# Tivo Mini Flickering



## johnmsch (Mar 5, 2004)

I have a Mini (Model TCDA92000) that has been working fine ever since I first purchased it. Over the weekend, I updated the setup and now have flickering issues.

I purchased a Roku Ultra, and since I don't have any more HDMI ports on this TV, I also bought a Rocketfish HDMI switch. I plugged the TiVo and Roku into the switch, and then ran a new HDMI cable from the switch to the port on the TV that the Mini had been using. When watching the Mini, there will be a brief flicker (picture and sound stop, TV screen goes black) at random times, roughly every 10 - 15 minutes. Most of the time, it will only last about a second, but sometimes it will be for anywhere from 5 - 10 seconds. Watching the Roku works perfectly. I then plugged the TiVo directly back in to that HDMI port on the TV and moved the cable box from the TV and routed it through the switch. I still get the same flickering pattern on the TiVo.
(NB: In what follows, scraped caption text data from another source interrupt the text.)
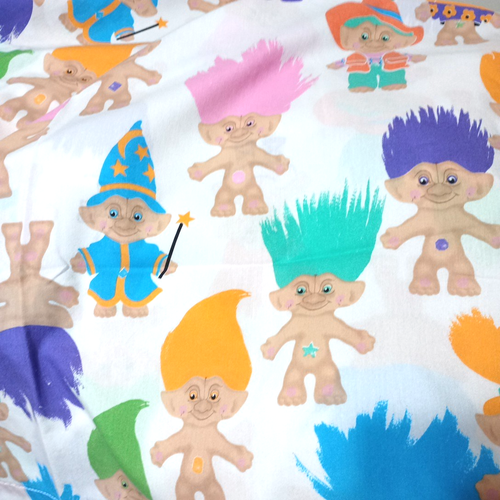Vintage Treasure Troll Twin Flat Bed Sheet Ace Novelty - Picture 6 of 9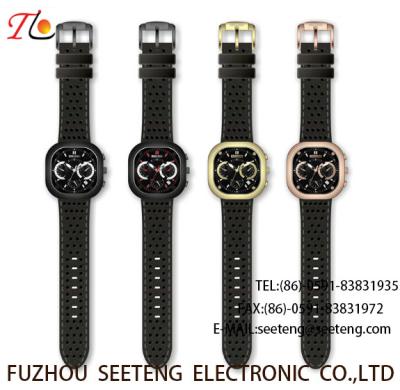 Silicone strap  with alloy case round dial and  customized watch silicone watch cool style
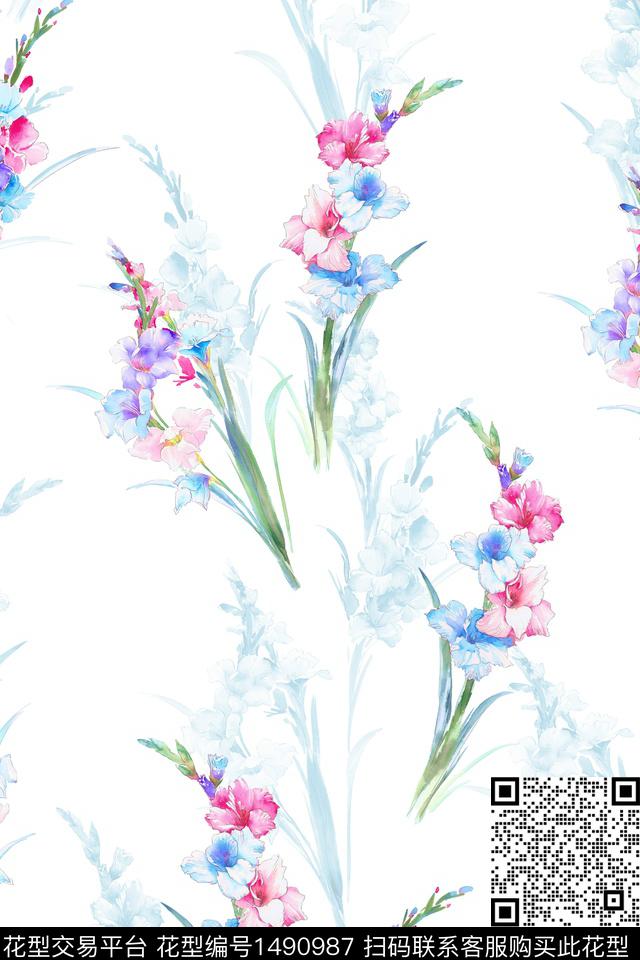 清爽底花卉花卉大牌风数码印花华亿平台下载（图片编号: 1490987） - 瓦栏（Walan）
I've tried everything I can think of to resolve this. I unplugged everything, let them sit for a few minutes and plugged everything back in. The video mode on the TiVo had been set to Auto, so I played around with those settings. I even went through the process of pushing the video mode button on the bottom of the Mini, which puts it in the mode where it tries every one of the video settings, and you confirm each one.

Anyone have any ideas on what happened here? Am I missing something obvious? I haven't had any issues with this Mini until changing the setup this weekend.

Thank You


----------



## mdavej (Aug 13, 2015)

Since it was working without the switch, your only option, besides a different switch, is to connect the Mini directly to the TV and run your other devices through the switch on another input. If you don't have 2 inputs, you'll just have to try a different switch and possibly better cables. Ultra is UHD so requires higher spec cables.


----------



## johnmsch (Mar 5, 2004)

mdavej said:


> Since it was working without the switch, your only option, besides a different switch, is to connect the Mini directly to the TV and run your other devices through the switch on another input. If you don't have 2 inputs, you'll just have to try a different switch and possibly better cables. Ultra is UHD so requires higher spec cables.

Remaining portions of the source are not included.